The October KB5066835 cumulative update fiasco came at a crucial time when users worldwide were grappling with Windows 10’s EOL.
Around the world, after the mid-October Windows 11 update, localhost connections suddenly stopped working — crippling web servers, databases, and development tools that depend on loopback traffic through 127.0.0.1.
The failure appeared immediately after users installed the KB5066835 cumulative update, which attempted to patch security flaws but introduced a regression in the system’s HTTP.sys driver.
When browsers or applications tried to open HTTP/2 sessions to localhost, the protocol handshake collapsed, triggering connection resets and leaving development and testing environments unusable.
The issue quickly spread across Microsoft’s developer forums, Stack Overflow, and enterprise support channels, with programmers reporting failed builds and broken debugging workflows. Development frameworks such as .NET, Docker, and React suffered interruptions, while internal business software relying on local web services also stopped launching properly.
Microsoft later confirmed the cause and issued a Known Issue Rollback to undo the problematic change, restoring normal localhost behavior for most home users automatically.

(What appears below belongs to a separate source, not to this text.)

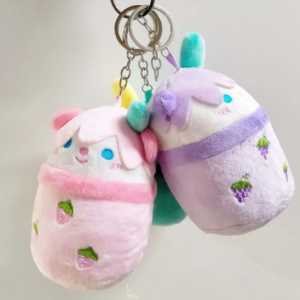 Brelok do kluczy z kubkiem do herbaty mlecznej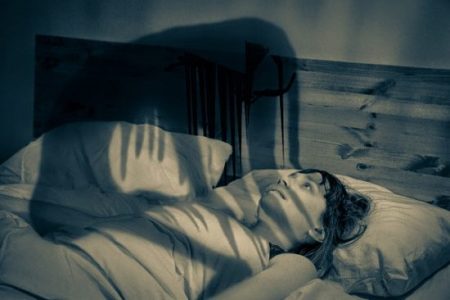 Какво причинява сънна парализа, какво е това и как да се отървете от нея?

Managed enterprise systems, however, must apply a group policy file manually to activate the fix. The rollback may take up to 48 hours to deploy through Windows Update servers, and Microsoft promised a permanent remedy in a future cumulative patch.

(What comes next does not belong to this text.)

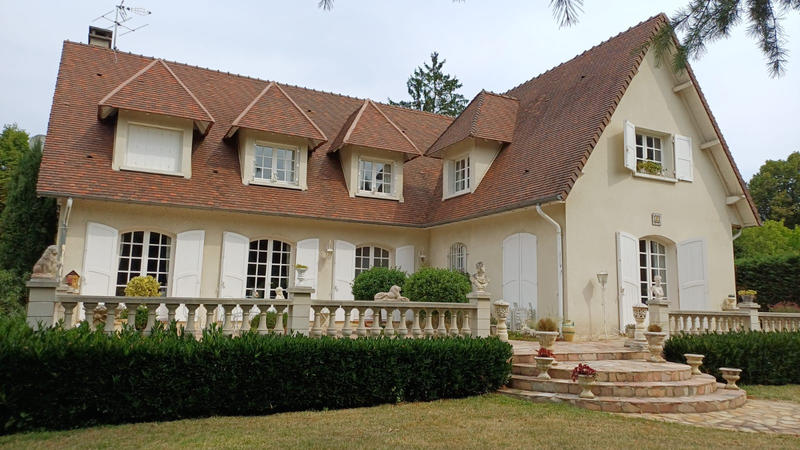 Maison - 210 m² - 6 pièces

The connectivity breakdown came at an awkward time — just days after the firm officially ended free support for Windows 10 on October 14, closing a decade-long chapter for the older operating system. Users who remain on the old operating system can still obtain limited security patches through the Extended Security Updates program until 2026.
The unfortunate timing of the botched Windows 11 update has amplified criticism of Microsoft’s patch reliability, as this incident followed several recent regressions that disrupted key Windows subsystems. Graphics drivers, File Explorer previews, and input hardware were also affected by the October updates, compounding frustrations among enterprise IT teams and developers already facing migration pressure toward Windows 11.